Starting in Montana, my friends and I have been much warned about Mckenzie pass. Some would have us think it's a horrific climb that will probably be covered in snow, if not closed outright. In truth, it was a memorably pleasant climb. It was sunny in the morning, and not freezing out. It was the perfect temperature, actually, for climbing. From the town of Sister, until the last leg of the pass itself, I was riding through open, airy pinewoods.
I'm always on some level scouting for a place to camp. Even in the morning. Even when I have a hostel or warmshowers host up ahead. I look for places to camp like I identify roadside flowers, talk to cows, and sing the same line of a song over and over because it's all I can remember. It's a nice habit. Sometimes I see places so perfectly ideal to tuck into, that it's hard to just keep on moving. Idaho had a lot of those - all along the Salmon river, well-worn riverside camps, sandy and sheltered. Yesterday, hours of riding along little hills of sand, rock, juniper and sagebrush. This might be the best of all - a mature, breezy pine forest with a thick layer of soft needles on the ground, fragrant the welcoming. I wanted to stop and explore the narrow trails leading back into the woods. I knew what was coming, though, so I kept going.
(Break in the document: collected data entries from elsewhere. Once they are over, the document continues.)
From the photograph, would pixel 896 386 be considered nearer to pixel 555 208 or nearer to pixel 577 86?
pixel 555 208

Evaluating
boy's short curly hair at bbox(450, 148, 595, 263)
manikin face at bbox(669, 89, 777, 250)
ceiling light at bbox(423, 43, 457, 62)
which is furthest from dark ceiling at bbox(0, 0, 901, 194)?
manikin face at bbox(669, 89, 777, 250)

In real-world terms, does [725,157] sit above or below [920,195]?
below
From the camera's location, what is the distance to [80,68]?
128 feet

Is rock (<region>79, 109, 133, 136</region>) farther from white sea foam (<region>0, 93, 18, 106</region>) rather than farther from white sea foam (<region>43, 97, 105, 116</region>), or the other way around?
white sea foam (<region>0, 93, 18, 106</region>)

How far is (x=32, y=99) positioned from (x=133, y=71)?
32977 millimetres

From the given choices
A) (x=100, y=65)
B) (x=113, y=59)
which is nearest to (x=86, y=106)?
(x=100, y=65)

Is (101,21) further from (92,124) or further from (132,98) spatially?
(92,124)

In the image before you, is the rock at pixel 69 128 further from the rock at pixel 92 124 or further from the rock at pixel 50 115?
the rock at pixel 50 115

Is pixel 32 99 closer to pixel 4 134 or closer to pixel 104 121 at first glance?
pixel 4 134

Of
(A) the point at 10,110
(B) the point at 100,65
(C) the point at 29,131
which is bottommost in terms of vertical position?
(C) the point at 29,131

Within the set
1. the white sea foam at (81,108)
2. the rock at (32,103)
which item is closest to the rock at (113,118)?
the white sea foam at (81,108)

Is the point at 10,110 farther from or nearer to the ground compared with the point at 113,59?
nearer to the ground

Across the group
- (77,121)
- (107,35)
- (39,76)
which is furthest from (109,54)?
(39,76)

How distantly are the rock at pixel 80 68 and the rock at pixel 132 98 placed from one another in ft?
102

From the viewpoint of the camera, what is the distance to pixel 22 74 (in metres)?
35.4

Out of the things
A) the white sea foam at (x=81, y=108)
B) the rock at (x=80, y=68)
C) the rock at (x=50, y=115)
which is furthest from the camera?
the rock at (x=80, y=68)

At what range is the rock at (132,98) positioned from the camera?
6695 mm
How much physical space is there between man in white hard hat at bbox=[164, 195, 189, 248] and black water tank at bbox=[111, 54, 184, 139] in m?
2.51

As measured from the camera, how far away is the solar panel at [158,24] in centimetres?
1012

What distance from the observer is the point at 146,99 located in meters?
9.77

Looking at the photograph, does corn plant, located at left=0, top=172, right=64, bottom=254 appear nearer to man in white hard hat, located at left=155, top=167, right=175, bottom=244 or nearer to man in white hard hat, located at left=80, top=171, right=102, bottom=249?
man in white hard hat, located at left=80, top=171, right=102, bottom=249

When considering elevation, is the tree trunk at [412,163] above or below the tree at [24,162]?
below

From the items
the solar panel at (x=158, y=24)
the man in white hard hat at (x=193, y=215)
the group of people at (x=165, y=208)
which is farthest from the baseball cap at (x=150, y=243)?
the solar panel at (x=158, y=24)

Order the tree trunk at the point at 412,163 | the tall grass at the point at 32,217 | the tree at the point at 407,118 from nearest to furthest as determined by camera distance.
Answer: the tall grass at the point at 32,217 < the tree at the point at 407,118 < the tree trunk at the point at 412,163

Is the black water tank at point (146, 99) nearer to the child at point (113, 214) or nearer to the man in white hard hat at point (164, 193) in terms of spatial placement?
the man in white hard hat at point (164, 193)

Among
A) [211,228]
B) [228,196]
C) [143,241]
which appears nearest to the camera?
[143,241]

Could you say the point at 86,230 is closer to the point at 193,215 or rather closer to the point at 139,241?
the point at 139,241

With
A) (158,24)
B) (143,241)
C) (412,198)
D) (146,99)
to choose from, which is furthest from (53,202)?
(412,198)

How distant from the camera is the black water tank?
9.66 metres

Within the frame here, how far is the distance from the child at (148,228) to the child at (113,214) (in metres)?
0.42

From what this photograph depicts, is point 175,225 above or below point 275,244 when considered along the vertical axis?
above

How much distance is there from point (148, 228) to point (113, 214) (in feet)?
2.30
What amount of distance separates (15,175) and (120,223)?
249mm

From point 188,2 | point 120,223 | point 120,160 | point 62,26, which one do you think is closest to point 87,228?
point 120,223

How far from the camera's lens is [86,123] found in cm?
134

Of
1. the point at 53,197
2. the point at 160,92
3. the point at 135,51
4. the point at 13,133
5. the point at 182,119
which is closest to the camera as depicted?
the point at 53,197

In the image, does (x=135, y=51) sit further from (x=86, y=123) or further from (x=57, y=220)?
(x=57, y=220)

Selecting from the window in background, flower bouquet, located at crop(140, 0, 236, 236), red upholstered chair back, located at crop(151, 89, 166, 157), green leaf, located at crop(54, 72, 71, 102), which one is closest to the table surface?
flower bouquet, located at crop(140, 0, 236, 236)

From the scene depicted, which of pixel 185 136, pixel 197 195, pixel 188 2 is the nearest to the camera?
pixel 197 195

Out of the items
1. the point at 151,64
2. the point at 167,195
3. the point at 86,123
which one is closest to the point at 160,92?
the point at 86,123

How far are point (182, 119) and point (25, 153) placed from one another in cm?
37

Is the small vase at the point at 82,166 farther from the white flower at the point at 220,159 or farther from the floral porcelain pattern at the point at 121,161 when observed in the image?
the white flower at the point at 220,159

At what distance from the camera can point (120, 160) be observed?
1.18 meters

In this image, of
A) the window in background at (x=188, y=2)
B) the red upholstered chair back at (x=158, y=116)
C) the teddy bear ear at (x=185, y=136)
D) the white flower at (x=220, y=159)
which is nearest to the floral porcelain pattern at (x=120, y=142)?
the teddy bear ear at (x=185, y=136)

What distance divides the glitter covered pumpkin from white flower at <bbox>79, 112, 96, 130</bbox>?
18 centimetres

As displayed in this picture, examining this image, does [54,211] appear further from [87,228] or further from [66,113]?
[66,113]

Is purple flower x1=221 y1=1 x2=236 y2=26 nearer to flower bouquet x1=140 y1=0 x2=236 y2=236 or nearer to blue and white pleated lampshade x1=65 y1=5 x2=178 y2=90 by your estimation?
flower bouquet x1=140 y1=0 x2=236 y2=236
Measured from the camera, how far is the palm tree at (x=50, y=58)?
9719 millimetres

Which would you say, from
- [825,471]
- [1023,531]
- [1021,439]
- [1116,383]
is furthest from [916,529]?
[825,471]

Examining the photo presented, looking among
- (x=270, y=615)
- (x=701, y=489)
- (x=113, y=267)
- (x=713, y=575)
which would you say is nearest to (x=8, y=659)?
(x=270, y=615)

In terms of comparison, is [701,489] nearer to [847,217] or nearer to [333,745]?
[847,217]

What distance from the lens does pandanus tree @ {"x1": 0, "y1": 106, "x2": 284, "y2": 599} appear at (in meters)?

I'd already decided that I'd be happy if I could just make it up over the summit. With the glacial slow uphill progress, a good climb takes me all day. Also, the top of Mckenzie pass is a huge, blackened lava flow. Definitely a place worth stopping to absorb. The final stretch of climb was less welcoming. The effects of fire - and probably more frequent rain, pushing over from the wetter west side of the cascades - make the younger trees grow thick. In places it looked like it would be difficult to even walk between them, and the ground was covered with wet logs and debris. At the beginning of the actual pass, truck traffic is denied and the road narrows.
I didn't quite make it to the lava-rock observatory that marks the top of the pass. I might need to climb half a mile or so tomorrow, but that's worth it for a good place to rest tonight. I camped in a basin of pine needles surrounded by black rock, just off view from the road. I didn't really have time to explore much - rain coming, and cold.